Comment by wood_spirit

1 year ago

This is a bit of a tangent but it’s a thought experiment that I recently heard:

Data pipeline A is written and maintained by a team in a type safe language with extensive unit tests.

Data pipeline B be was written long ago by a scientist who has since left, in sql in a day.

Both compute the same dataset, but B gets the answer correct.

Which is the better pipeline, and why?

Without more context or additional assumptions there's no good answer to that.

If you just care about today, then clearly B is better because it provides the correct result today.

Also, just because A is written in a type-safe language and has extensive unit tests doesn't in itself mean it's any less complex and undecipherable than B.

I can think of several takes, with different assumptions, leading to very different perspectives.

One take could be this:

Lets assume A has been written by a competent team, using good practices. Lets also assume the problem of incorrect answers in A has been known for some time and has been investigated a fair bit. That is, it's not just a trivial bug that's not been caught yet.

Since A doesn't work one could reasonably assume B is complex and difficult to understand, otherwise A's team should be able to find their error based on studying the SQL in B. Otherwise it indicates A's team is not competent, which goes against our previous assumption.
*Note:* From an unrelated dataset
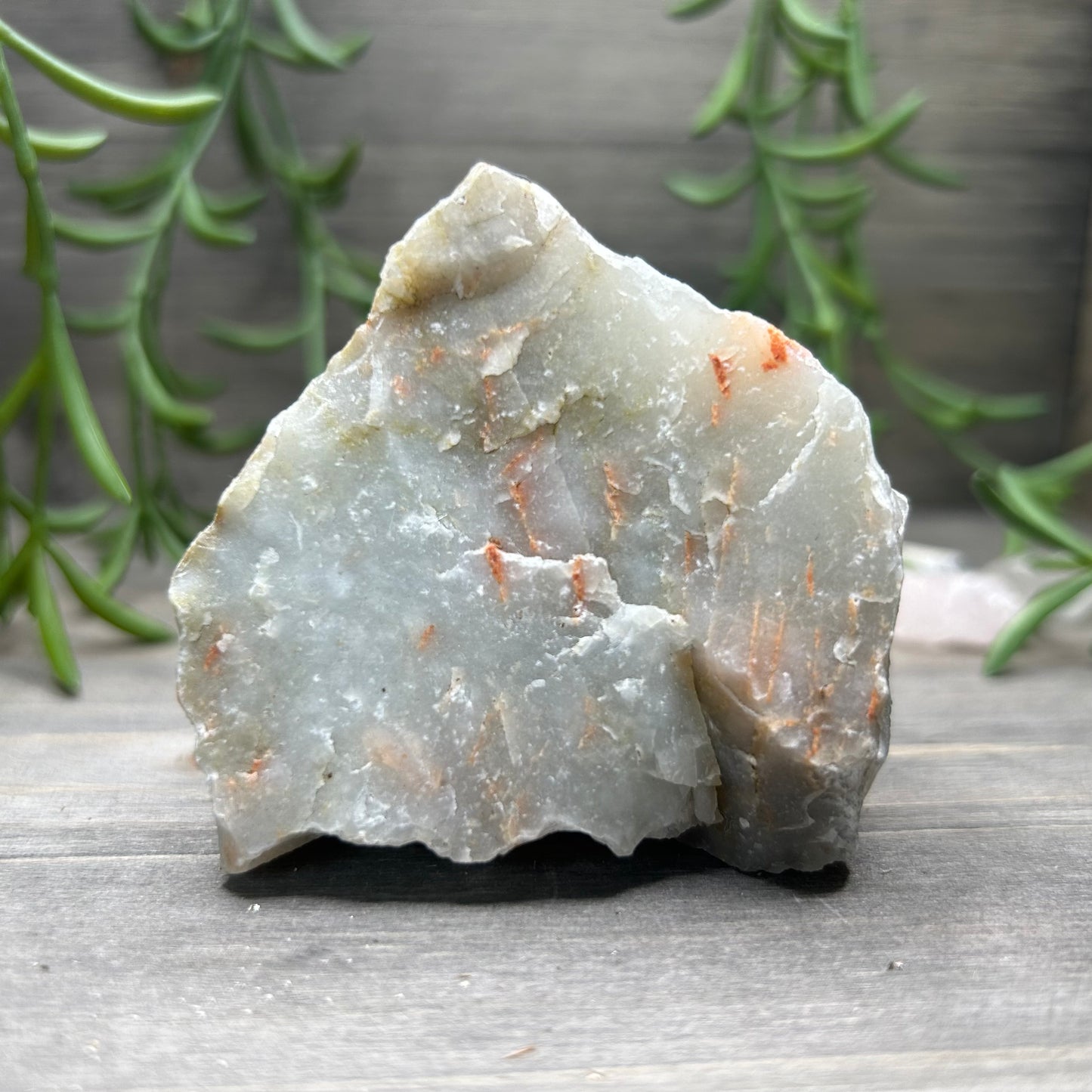 raw iron in chalcedony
Given that, one could reasonably assume changing B will be very difficult.

Thus if one cares about maintaining and evolving the pipeline due to changing demands over many years, then it's likely A is better, as the bug in A producing the wrong answer should be fixable by a competent team.

Again, just one take of many possible...

An alternate, more trivial take could be that team A were given an incorrect specification. So while they implemented the specification correctly, B actually implements something slightly differently.
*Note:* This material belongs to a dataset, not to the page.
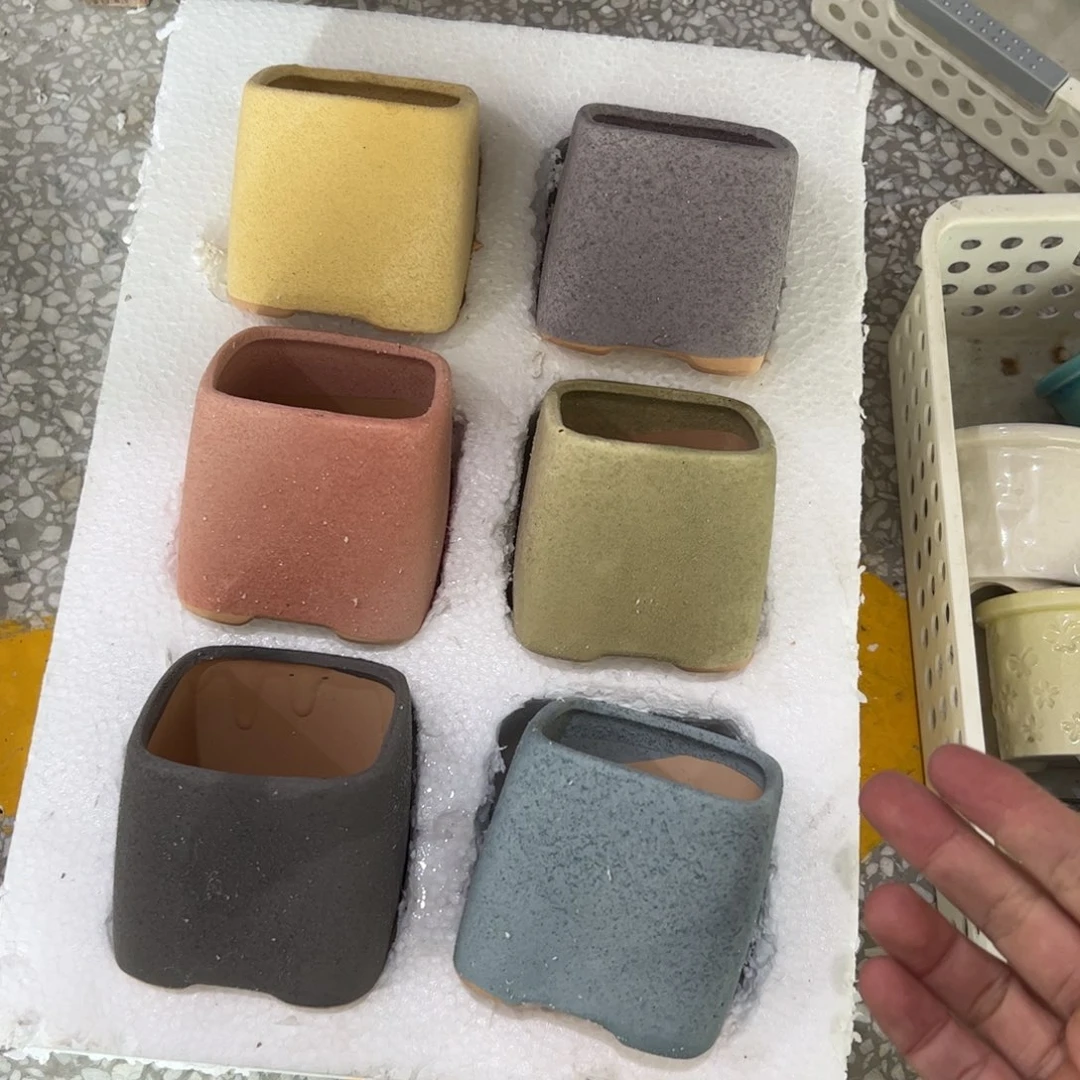 陶瓷陶瓷多肉花盆@@4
We see this one with customers all the time. Where they think the old system does X but it does in fact do something slightly different, so when we implement the new system as requested, the customer files a bug report because it doesn't do what the old system actually did.

And how do you know B's answer is correct?

  • In the world of science you get to compare software's predictions against reality. It's a weird concept but it grows on you.

    I've seen systems with this structure. Part of the fun is B's code is likely to have a lot of errors in it that cancel each other out in exciting ways when running on the domain of interest, which makes using it to work out why A's code is failing to correspond to reality much harder than it could be.